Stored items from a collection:
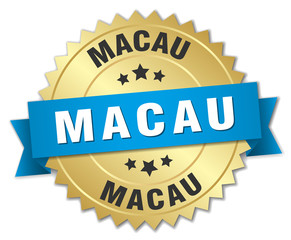 Macau round golden badge with blue ribbon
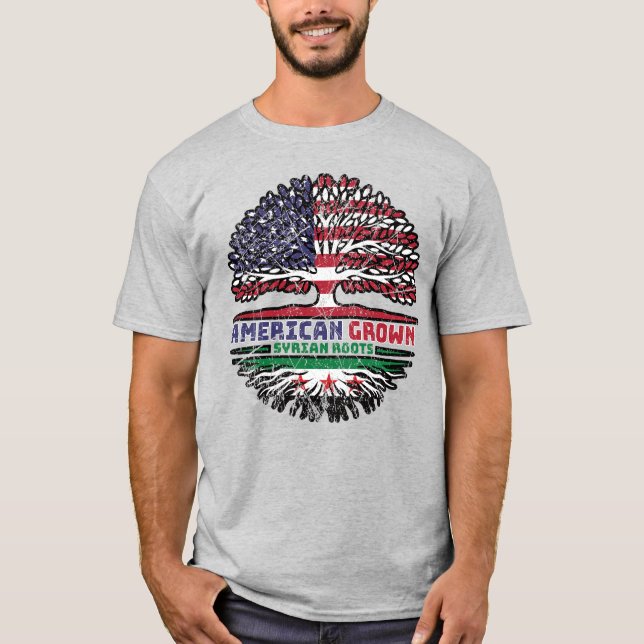 Camiseta Crescido Americano Com Raízes Sírias (Frente)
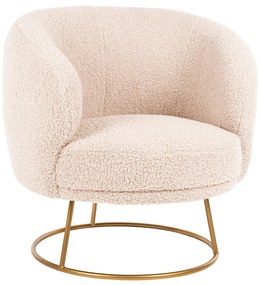 ARMCHAIR ARIEN  BOUCLE FABRIC IN ECRU-GOLD METAL BASE 78x75x84Hcm.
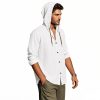 51HU3EShP3L.jpg Men Cotton Linen Long Sleeve Button Down Shirt Summer Casual Hawaiian Beach Tops Lightweight Fashion Hoodies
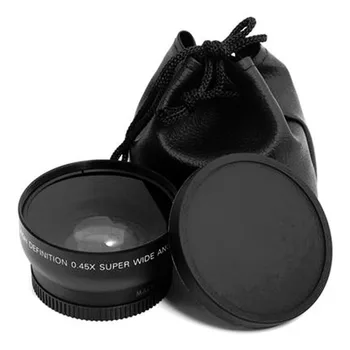 1set Profesinės 52MM 0.45 x Plataus Kampo Makro Objektyvas Nikon D3100 D3200 D5200 D5100 Black Super Plataus Kampo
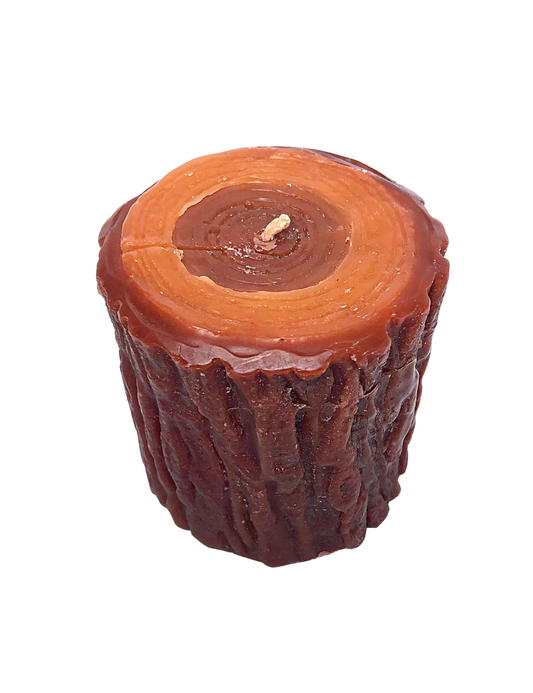 1990 Log Tree Stump 3.5” Short Pillar Candle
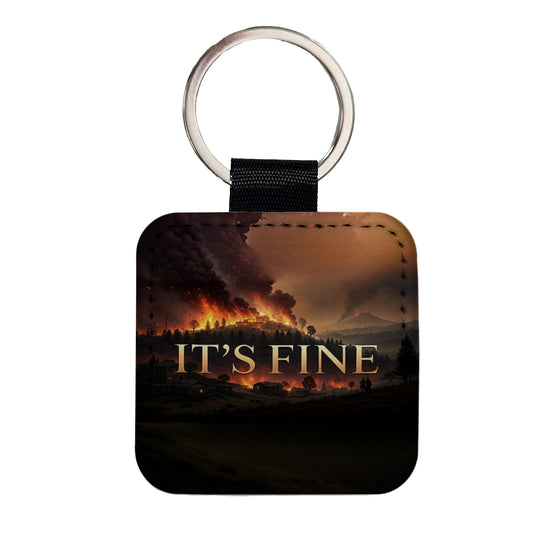 It's Fine Raging Fire Funny Square Faux Leather Keychain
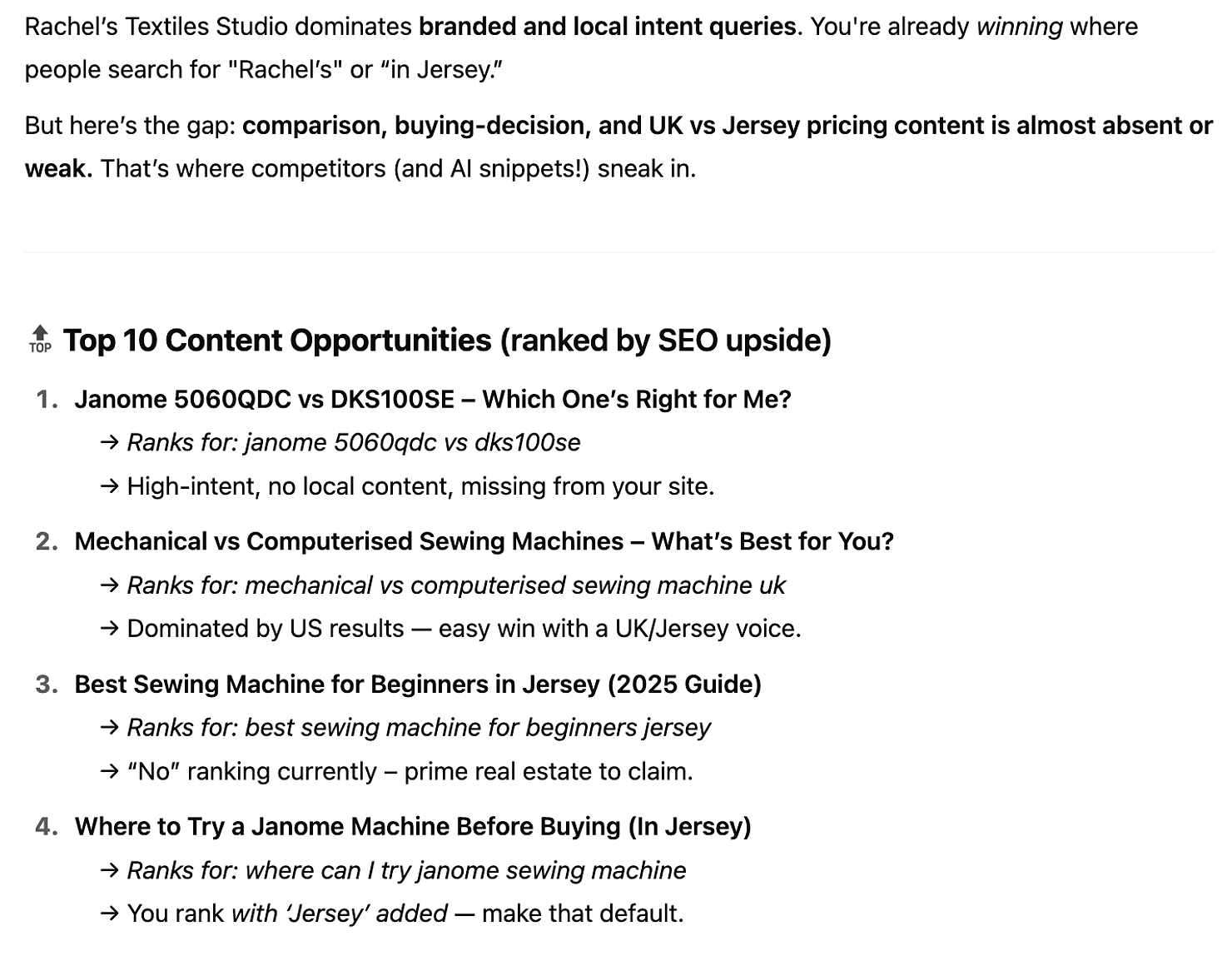 content opportunity list jersey seo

*Problem to solve*: Start with the line that holds "51HU3EShP3L.jpg Men Cotton" and retype each line through the last one in the data, exactly and without pictures.

*Written response*:
 51HU3EShP3L.jpg Men Cotton Linen Long Sleeve Button Down Shirt Summer Casual Hawaiian Beach Tops Lightweight Fashion Hoodies
 1set Profesinės 52MM 0.45 x Plataus Kampo Makro Objektyvas Nikon D3100 D3200 D5200 D5100 Black Super Plataus Kampo
 1990 Log Tree Stump 3.5” Short Pillar Candle
 It's Fine Raging Fire Funny Square Faux Leather Keychain
 content opportunity list jersey seo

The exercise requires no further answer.